Ekonomik zorluklara da değinen Yaldız, maaş ödemelerinin bile kahramanlık olarak görüldüğü bir döneme girildiğini ve belediyelerin borç yüzdürdüğünü iddia etti. "Şu anda maaş ödeyeni kahraman ilan edeceğiz neredeyse. Maaş ödemesi bu kentte son 20 yıldır gündem olmadı. Şu anda çok zor bir süreç yaşanıyor. Borç yüzdürüyorlar" ifadelerini kullandı.
PKK'nın Silah Bırakması ve Siyasete Etkileri
PKK'nın silah bırakmasının siyasete yansımalarını da değerlendiren Yaldız, bu durumun Türk siyasetini yeniden şekillendirebileceğini söyledi. Yaldız, "Türk siyasetini 90’lardan itibaren belirleyen en önemli faktörlerden birisi terör meselesi. CHP’nin belki 40 yıldır iktidara gelememesinin sebebi. Kürt hareketiyle, Kürt siyasetiyle yan yana durmak terörist olmak anlamına geldi." dedi.
DEM'in ve Kürt siyasetinin daha legal alana taşınmasının Türkiye'deki siyasi kutuplaşmayı azaltabileceğini belirten Yaldız, "Türkiye’deki siyaseten kutuplaşma zemini muhtemelen yeniden tanımlanacak. Gerçekleşirse asıl normalleşme bu olur. Ancak sürecin çok başındayız. Umutluyuz ama endişelerimiz de var." şeklinde konuştu.
19 Mayıs Mitingi ve "Vito Devrimciliği" Eleştirisi
Son olarak 19 Mayıs'ta gerçekleştirilecek İzmir Mitingi'ne dair konuşan Yaldız, CHP İzmir İl Başkanı'nın hazırlıklarını eleştirdi. Yaldız, "Hazırlıklardan kastınız CHP İzmir İl Başkanı’nın Mercedes Vito’daki marşlarıysa buradan bir şey çıkmaz. Hatta çokça eleştirilir. Devrimci marşlar önemlidir, nereden beslendiğinizi gösterir ama zaman ilişkisini doğru kullanmak lazım. Aslanoğlu İzmir’de yeni model devrimcilik tanımı yaptı; Vito devrimciliği." dedi.
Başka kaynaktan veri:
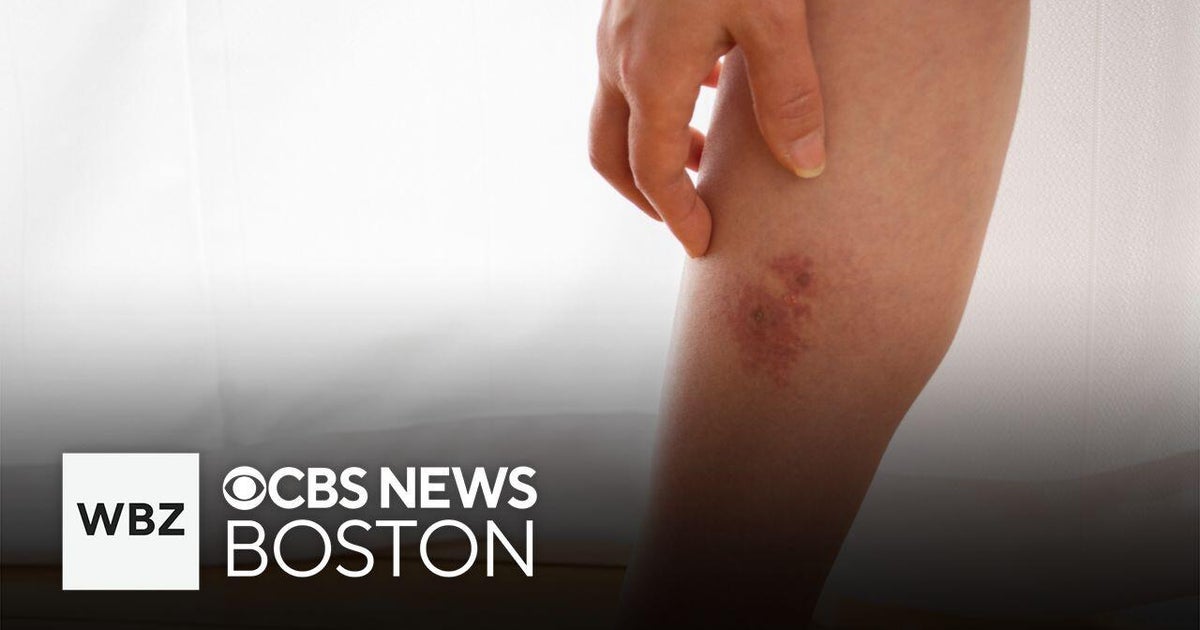 What is cellulitis and how can it be treated? - CBS Boston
Yaldız, İzmir'i harekete geçirmek için daha fazlasının yapılması gerektiğini ve halkı duyguyla harekete geçirmenin önemini vurguladı. Ayrıca, İzmir'in siyasetteki ağırlığının giderek azaldığını ve kentin CHP'ye ve muhalefete baskılar nedeniyle Gündoğdu'ya geleceğini belirtti. "İzmir’in 2002’den beri bir direnci var" dedi.
Ümit Yaldız'ın İzmir belediyeleri ve siyasi gelişmeler hakkındaki bu sert eleştirileri, önümüzdeki günlerde İzmir siyasetinde daha çok tartışılacağa benziyor. Yaldız'ın iddialarına belediye başkanlarından ve ilgili partilerden nasıl bir yanıt geleceği merakla bekleniyor. Özellikle kadro istikrarsızlığı ve mali durum hakkındaki açıklamalar, kamuoyunun dikkatini çekmiş durumda.